Work to complete: The whole listing below is to be copied exactly, with every picture left out.

====== Data below

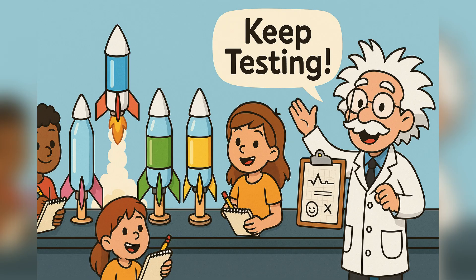Now here's where you become the engineer. Try changing one thing at a time and see what happens. Add more water — does it fly higher? Change the fin shapes — does it fly straighter? Make a pointy nose cone versus a flat one. What's different?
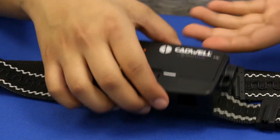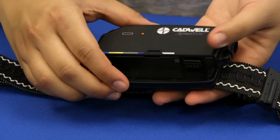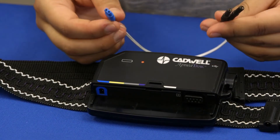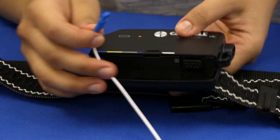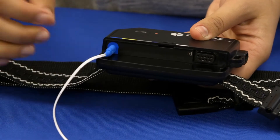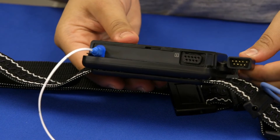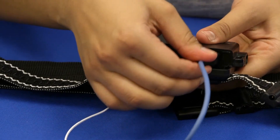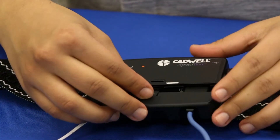To remove the port cover, press on the arrow and slide the panel down. The sensors are color coded to match the connection ports on the apnea track. Connect the blue input from the chest belt cable into the blue port. Plug the black connector from the finger oximeter sensor into the black port. Then replace the port cover.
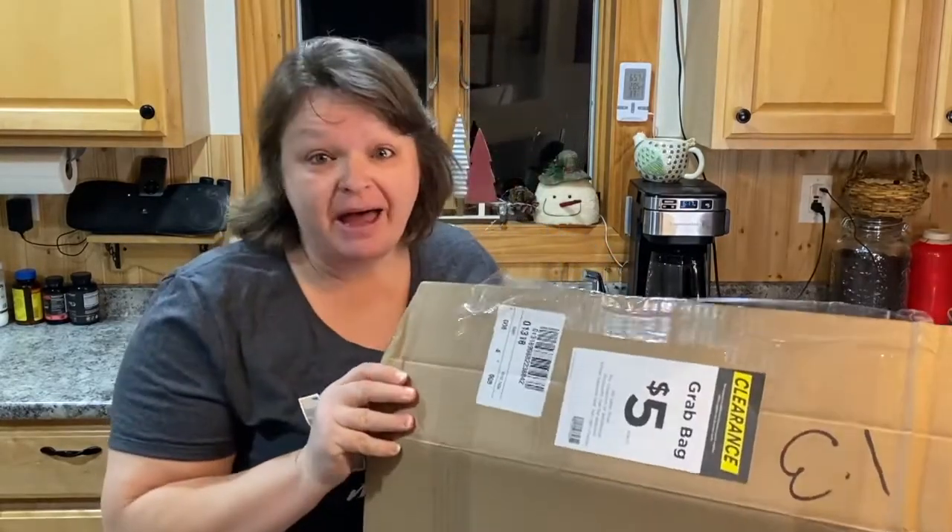Hey guys, Shelly here from A Purpose My Way. I'm here with a Michaels haul and I actually got a grab bag this time.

============

Exercise solution:
Now here's where you become the engineer. Try changing one thing at a time and see what happens. Add more water — does it fly higher? Change the fin shapes — does it fly straighter? Make a pointy nose cone versus a flat one. What's different?
To remove the port cover, press on the arrow and slide the panel down. The sensors are color coded to match the connection ports on the apnea track. Connect the blue input from the chest belt cable into the blue port. Plug the black connector from the finger oximeter sensor into the black port. Then replace the port cover.
Hey guys, Shelly here from A Purpose My Way. I'm here with a Michaels haul and I actually got a grab bag this time.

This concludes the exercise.